C’est toujours la difficulté d’un biopic musical et Respect n’est pas différent, mettant en valeur la discographie de Franklin plutôt que d’éplucher les couches de sa vie. Ce dernier point aurait été plus intéressant si l’on considère que les spectateurs intéressés par ce film ont probablement déjà entendu toutes les chansons qui y sont présentées. Un film tel que celui-ci, avec le niveau de talent et le potentiel qu’il possède, ne devrait pas tomber aussi bas, pourtant, il est presque sans âme. L’activisme de Franklin est évoqué mais jamais montré, l’homme qui l’a violée n’est jamais cité par son nom ou mentionné à qui que ce soit, et l’intériorité de la chanteuse est rarement, voire jamais, prise en compte. Il y a tellement d’aspects de sa vie qui méritaient qu’on s’y attarde et qu’on les explore davantage, y compris la santé mentale et l’alcoolisme de Franklin, qui ont été balayés sous le tapis assez rapidement, comme pour éviter d’affronter ces questions de peur de ternir son image. Respect parvient à éviter de donner un contexte à presque tout, ce qui rend l’histoire beaucoup plus creuse qu’elle ne devrait l’être. L’histoire est basée sur tous les hommes qui contrôlent la vie de Franklin, de son père à son premier mari, et Respect s’arrange pour qu’elle ait un moment “trouvé sa voix” qui n’a aucune résonance émotionnelle. Le film passe d’un fait à l’autre, plus soucieux d’assurer sa chronologie que d’approfondir les émotions de Franklin et les différents rôles qu’elle a joués tout au long de sa vie. Le biopic est une histoire mince comme du papier qui ne semble pas intéressé à découvrir qui était la chanteuse au-delà de son rôle de reine de la soul. À cette fin, Hudson brille lorsqu’elle monte sur scène, son interprétation étant une combinaison des manières de Franklin et des siennes. En revanche, lorsqu’elle n’est pas sur scène et qu’elle se contente d’être Ree, l’interprétation de la légende de la soul par Hudson faiblit. 

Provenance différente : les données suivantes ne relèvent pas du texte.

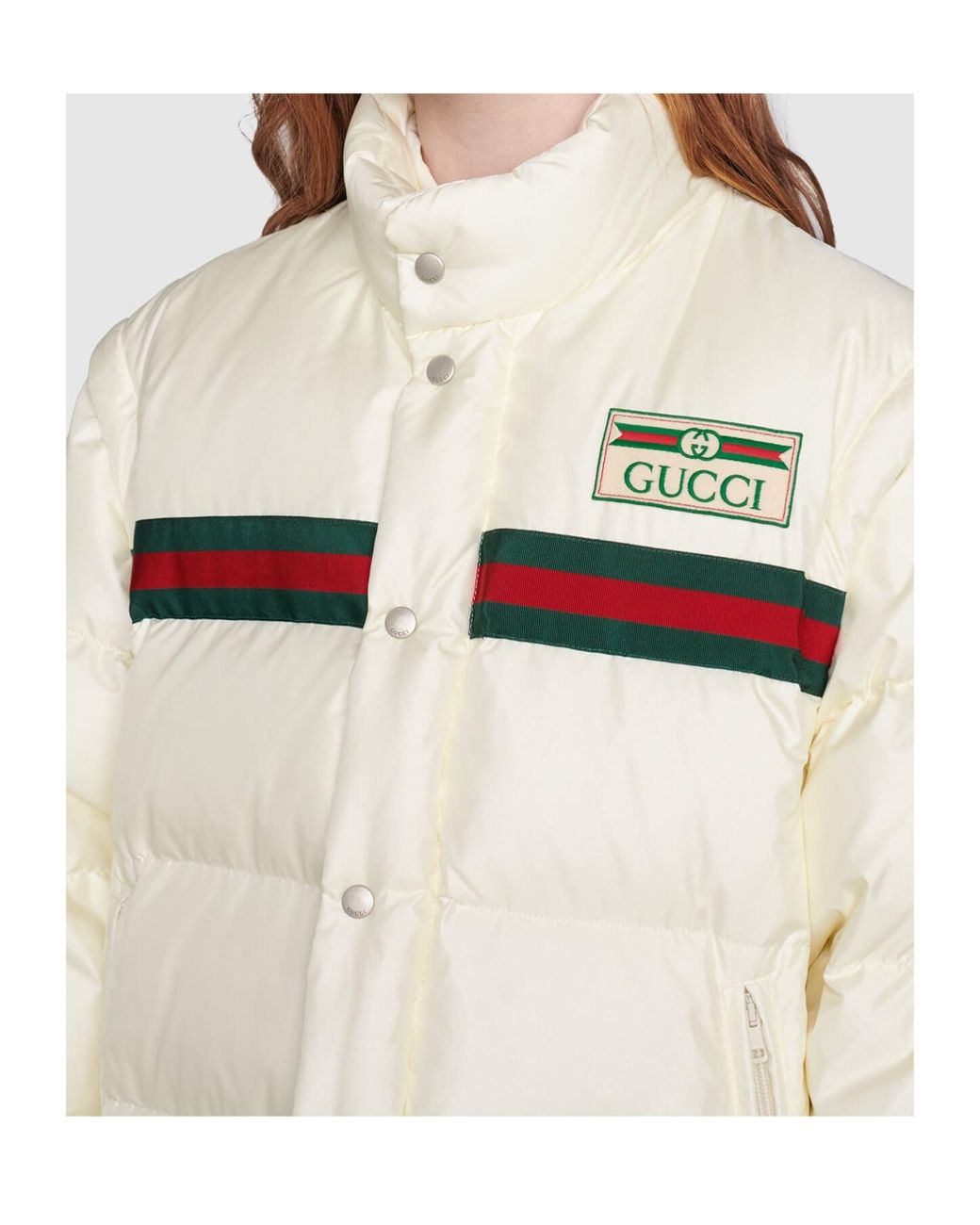 Gucci White Logo-Patch Padded Bomber Jacket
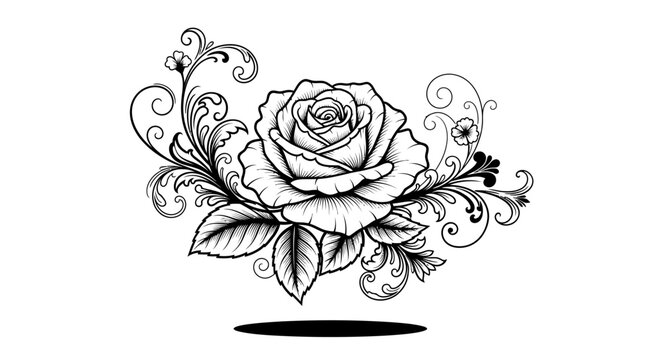 Elegant single rose with decorative scroll flourishes line art.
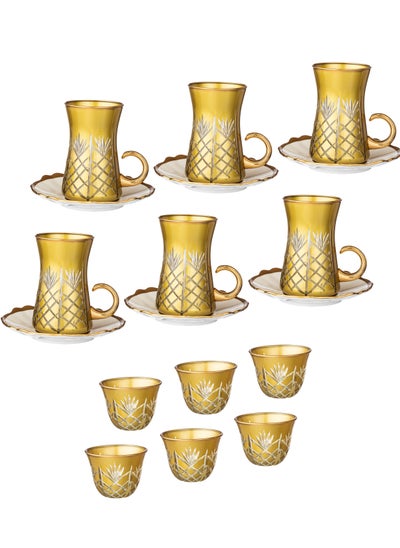 Buy A Set Of Turkish Glass Tea Cups With Saucers And Saudi Coffee Made Of Porcelain With A Golden Line in Saudi Arabia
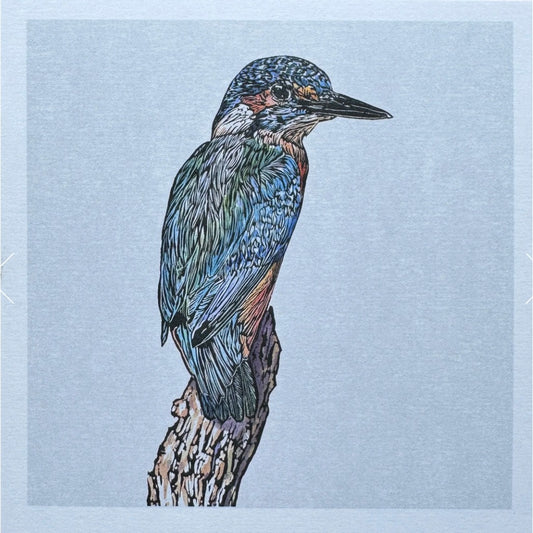 Sarah Cemmick - Lino Cut Art Card - Halcyon Days (Kingfisher)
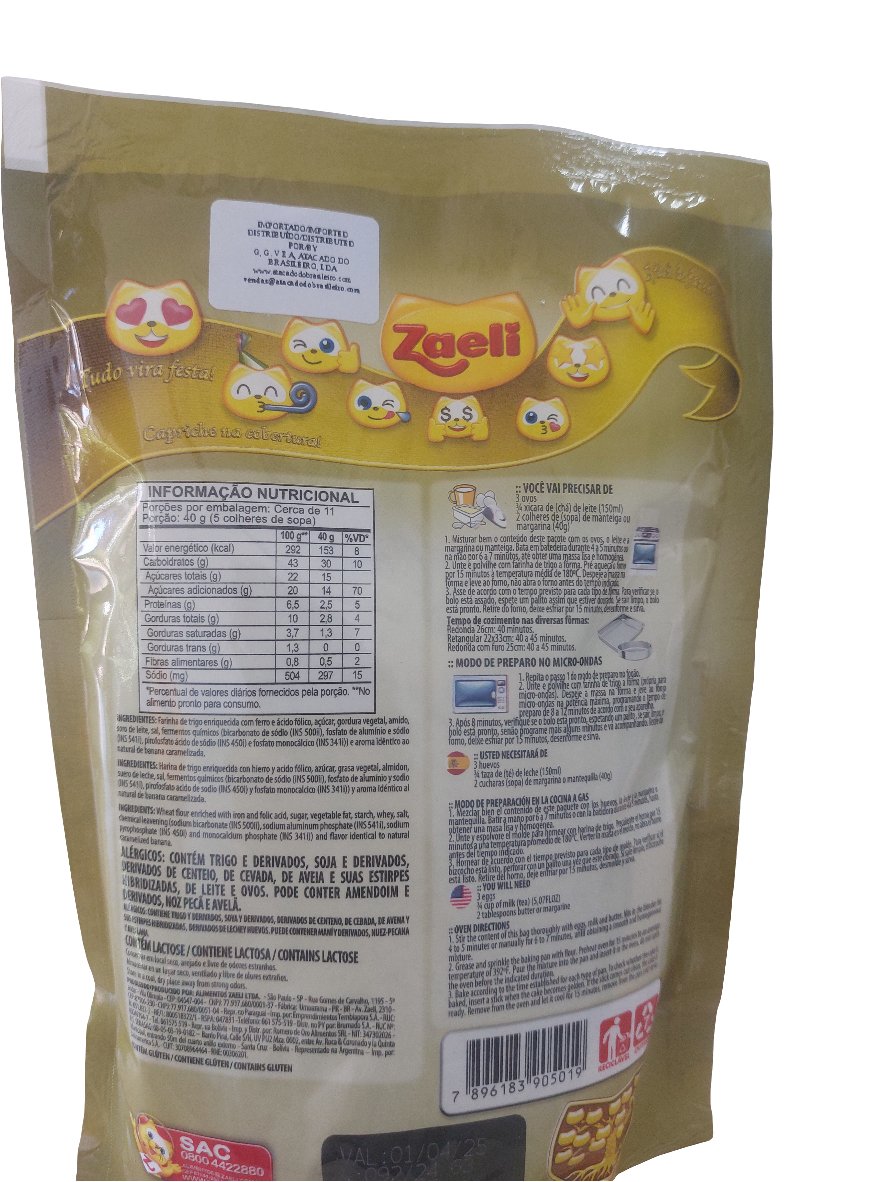 Mistura para bolo banana caramelizada Zaeli 450g - Hola Brasil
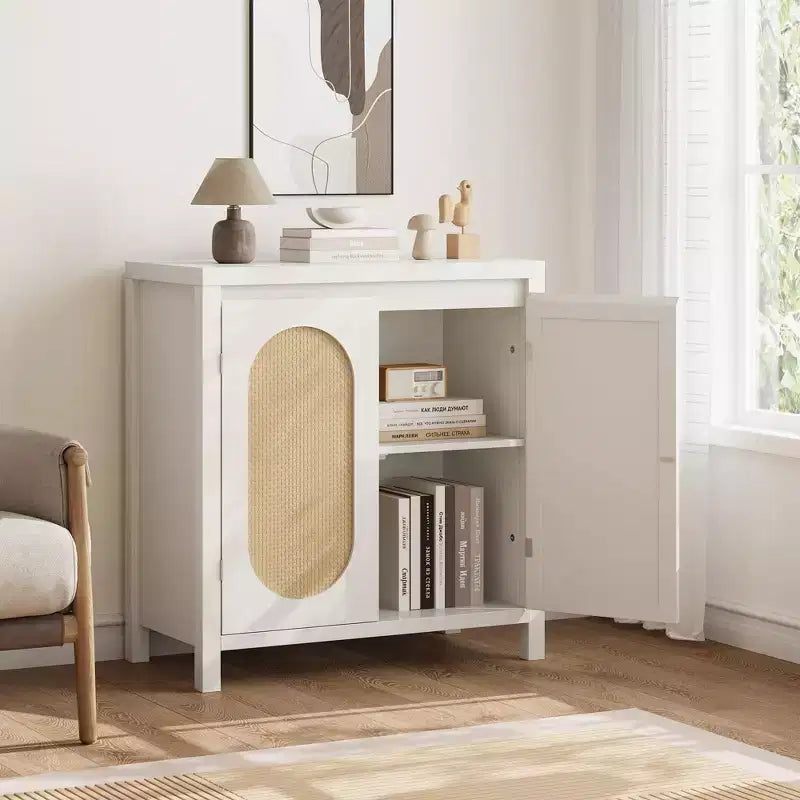 Madia Mid-Century Naturale/Bianca con Ante in Rattan e Ripiani Regolabili, Credenza Contenitore a 2 Ante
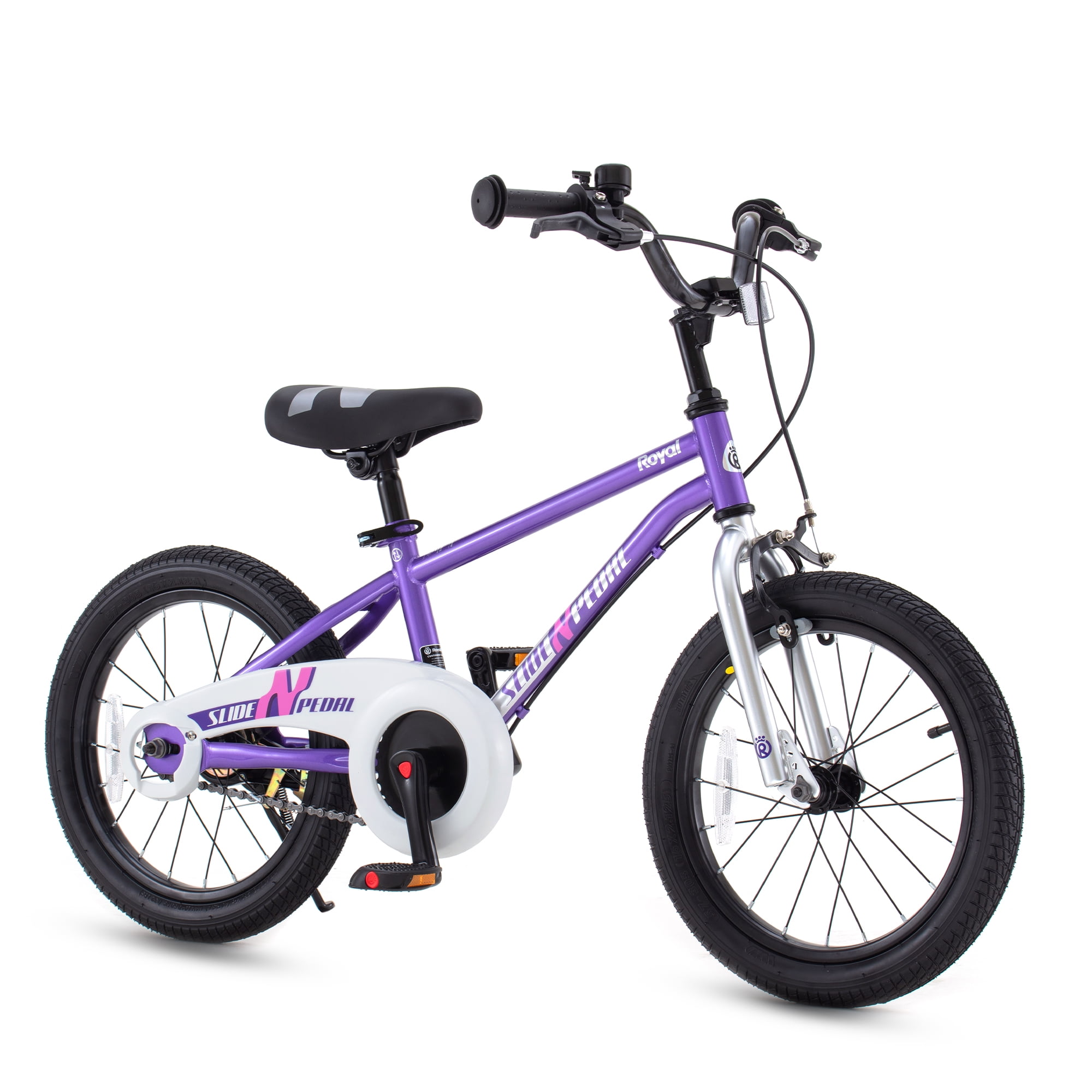Christmas Gift Slide and Pedal Kids Bike EZ Balance Pedal Switchable Bicycle, 18 Inch, Purple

Il est certain que les fans de la musique d’Aretha Franklin apprécieront les performances et les gros plans que Tommy utilise pour les capturer, ainsi que les nombreux montages tout au long du film qui montrent l’ascension de Franklin vers la gloire après des années de lutte et des albums ratés. Les costumes sont remarquables et plusieurs moments font ressortir le potentiel que Respect aurait pu avoir. Cependant, ils risquent d’être déçus par tout ce que le film a à offrir parce qu’il refuse d’examiner la vie et les émotions de la chanteuse légendaire d’un peu plus près qu’il ne le faudrait.

Note : 1.5 sur 5.

Respect au cinéma le 08 septembre 2021.